Saturday, April 19, 2025

Chabert Horror Watch! Scarecrow (2013)

Chabert completes negotiations for her Hallmark contract



Watched:  04/19/2025
Format:  Tubi
Viewing:  First
Director:  Sheldon Wilson

A movie with a pretty good idea behind it, this movie has an okay first half hour or so and then throws away all of that goodwill in the bin by becoming a movie where things keep happening, but nothing really resolves itself.  And I can't tell if that's intentional - like a joke on the part of the writers - or laziness or sheer incompetence.

It's not even clear, based on what we saw before, that ten seconds after the credits role, that our Final Girl isn't going to get killed.

What's most weird is that the description of the film on IMDB - from the producers, I'd guess - is not what actually happens in the movie.  There's elements of that, but that's not really what happens.  I almost feel like this was a description of the script at some point but then they made a different movie through rewrites.  

A group of high schoolers is going to spend their day of Saturday Detention (ala The Breakfast Club) on a farm "disassembling" the famed scarecrow from the old Miller farm that's part of the town's annual Scarecrow Festival.  But the movie opens on two horny teens sneaking onto the farm first, planning to spook their pals when they arrive, and getting killed by our monster.  

The town has an annual Scarecrow Festival during which they have some game where they ritualistically "bury" the Scarecrow.  But it's essentially a small-town fall fest, I guess.  We never see it.

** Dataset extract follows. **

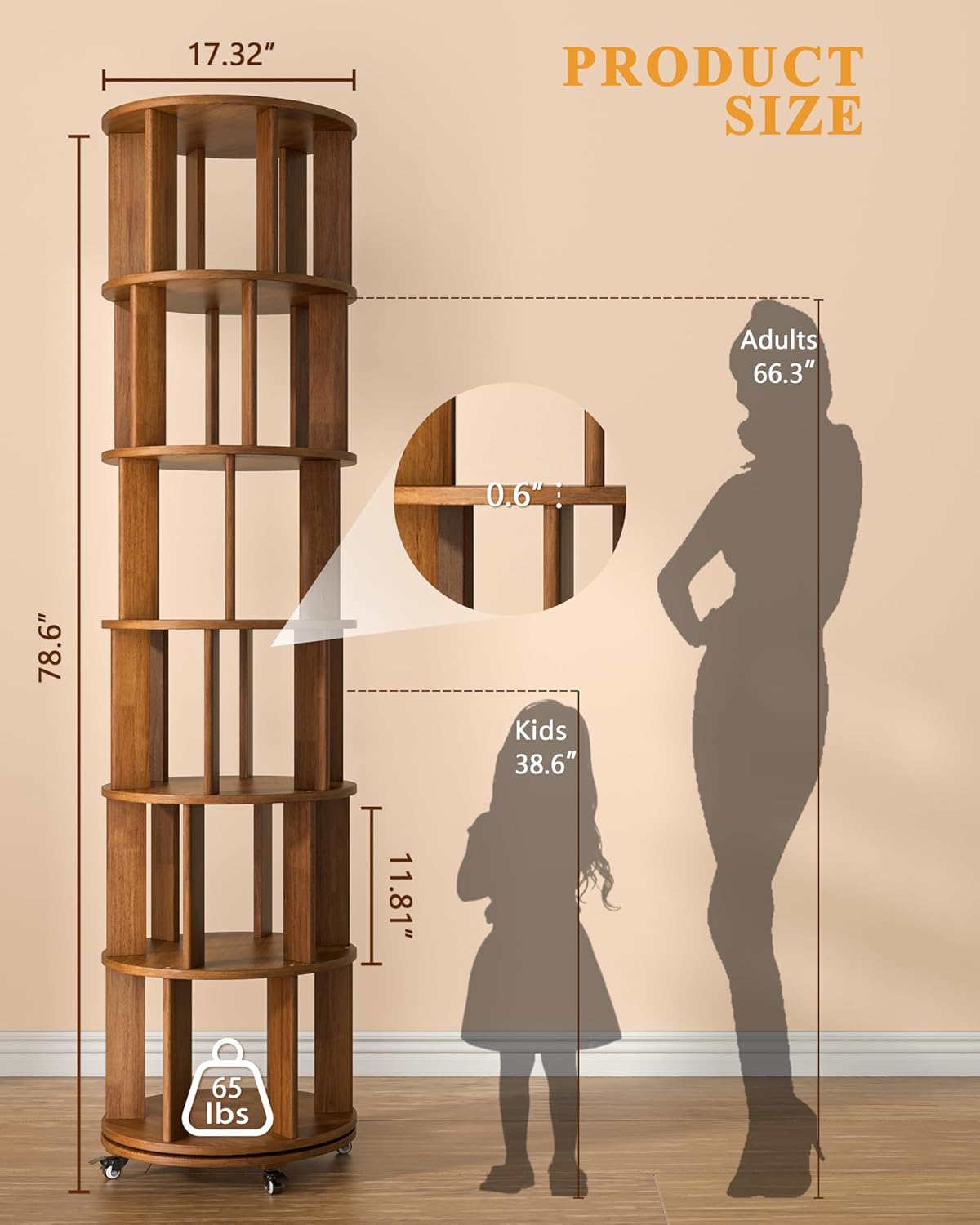 IUNVR Rotating Bookshelf, 6-Tier Solid Wood Spinning Bookshelf with Wheels, 360° Round Vertical Bookcase for Small Spaces, Corner, Bedroom, Home Office, Walnut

The movie takes great pains to establish characters as we progress.   A couple who are irascible a-holes, a shy and geeky artist, jock, troubled girl, other (nicer) troubled girl, teacher who wishes he was the guy from Glee who is running this operation.  Chabert shows up as the owner of the farm who has returned to her small town to sell the farm because she failed in the big city?  Doing what, I don't know.  But she and teacher have a rocky history of romance, and she's clearly putting her feelers out to see if he'll take her back after they broke up back in high school.  After all, he's, as she says "a big time teacher".  I have no idea what this phrase means.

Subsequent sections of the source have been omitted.